Question

Density of mercury is $13.6g.c{{m}^{-3}}$ , then the value in MKS system is _______

Answer 1

Hint: This problem can be solved by converting each unit in the combination of units used to represent the value of density into the MKS system. That is, we will have to convert $g$ into $Kg$ and $c{{m}^{-3}}$ into ${{m}^{-3}}$. However, the physical value of the density must remain the same and hence proper conversion should be made for the units.
Formula used:
$1g={{10}^{-3}}Kg$
$1cm={{10}^{-2}}m$
$\therefore 1c{{m}^{3}}={{\left( {{10}^{-2}} \right)}^{3}}m={{10}^{-6}}m$

Complete step by step answer:
The density of a body refers to the mass contained in a body per unit volume. Hence, the unit of density is essentially that of$\dfrac{\text{mass}}{\text{volume}}$.
Now, in the question, we are given the unit of density as $g.c{{m}^{-3}}$which is the combination of the unit of mass $\left( g \right)$and the unit of volume $\left( c{{m}^{-3}} \right)$in the CGS system. To convert the unit into the MKS system we will have to convert each unit making up the unit of density into its respective MKS unit. That is, we will have to change $g$ to$Kg$ and $c{{m}^{-3}}$ to${{m}^{-3}}$.
However, we have to change in such a way so that the physical value of the density does not change.
Hence, we will have to apply the proper conversions, which are as follows.

$1g={{10}^{-3}}Kg$ --(1)
$1cm={{10}^{-2}}m$
$\therefore 1c{{m}^{3}}={{\left( {{10}^{-2}} \right)}^{3}}{{m}^{3}}={{10}^{-6}}{{m}^{3}}$
$\therefore 1c{{m}^{-3}}={{\left( {{10}^{-2}} \right)}^{-3}}{{m}^{-3}}={{10}^{6}}{{m}^{-3}}$--(2)

We are given that the density of mercury in the CGS system is $13.6g.c{{m}^{-3}}$. we are required to convert it into the MKS system.
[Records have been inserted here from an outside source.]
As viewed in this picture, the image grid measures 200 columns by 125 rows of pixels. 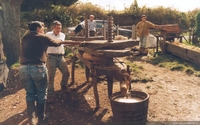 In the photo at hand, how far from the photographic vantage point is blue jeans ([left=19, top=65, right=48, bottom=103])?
15.8 feet

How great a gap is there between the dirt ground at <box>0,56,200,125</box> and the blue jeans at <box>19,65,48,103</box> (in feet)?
2.27

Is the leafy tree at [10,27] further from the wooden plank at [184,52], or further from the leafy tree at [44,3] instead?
the wooden plank at [184,52]

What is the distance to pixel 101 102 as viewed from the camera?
21.0ft

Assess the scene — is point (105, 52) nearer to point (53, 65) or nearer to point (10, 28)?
point (53, 65)

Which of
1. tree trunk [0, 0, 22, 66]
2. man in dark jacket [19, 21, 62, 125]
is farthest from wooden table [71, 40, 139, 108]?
tree trunk [0, 0, 22, 66]

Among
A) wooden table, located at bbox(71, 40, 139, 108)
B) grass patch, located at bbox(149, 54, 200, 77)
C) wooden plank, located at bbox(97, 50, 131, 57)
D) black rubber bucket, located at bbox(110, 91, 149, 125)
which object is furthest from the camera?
grass patch, located at bbox(149, 54, 200, 77)

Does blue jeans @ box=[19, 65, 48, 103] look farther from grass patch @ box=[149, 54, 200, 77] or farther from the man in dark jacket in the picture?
grass patch @ box=[149, 54, 200, 77]

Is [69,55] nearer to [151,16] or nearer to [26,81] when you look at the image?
[26,81]

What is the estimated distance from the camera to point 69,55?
1202cm

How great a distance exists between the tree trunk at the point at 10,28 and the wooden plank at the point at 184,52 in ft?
23.6

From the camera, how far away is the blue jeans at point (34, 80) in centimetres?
482

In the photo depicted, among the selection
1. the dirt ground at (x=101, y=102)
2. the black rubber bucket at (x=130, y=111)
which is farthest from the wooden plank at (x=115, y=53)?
the dirt ground at (x=101, y=102)

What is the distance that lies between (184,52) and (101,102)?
5.88 meters

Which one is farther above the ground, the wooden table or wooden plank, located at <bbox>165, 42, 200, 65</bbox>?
the wooden table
Therefore, using (1) and (2) to do the required conversion, we get,

$13.6gm.c{{m}^{-3}}=13.6\times \left( {{10}^{-3}}Kg \right)\times \left( {{10}^{6}}{{m}^{-3}} \right)$
$\therefore 13.6g.c{{m}^{-3}}=13.6\times {{10}^{-3}}\times {{10}^{6}}Kg.{{m}^{-3}}=13.6\times {{10}^{3}}Kg.{{m}^{-3}}$

Hence, the required value of the density is $13.6\times {{10}^{3}}Kg.{{m}^{-3}}$.

Note: Students can easily convert between $cm$and $m$but often face problems while converting the higher powers of these units especially if they are in the denominator (like $c{{m}^{-3}}$ and${{m}^{-3}}$). They often make mistakes while doing this conversion. The best way to avoid this is to approach in a step by step manner as shown above.Often questions give much more complicated units to convert between systems. The correct approach to solving these problems will be to first break down the unit into the fundamental units and then apply the conversions between fundamental units of the two systems. Directly converting a complex unit from one system to another makes the question very hard. For example when converting between dyne and Newton, it is better to break down the unit into the fundamental units of mass, length and time using the definition of force.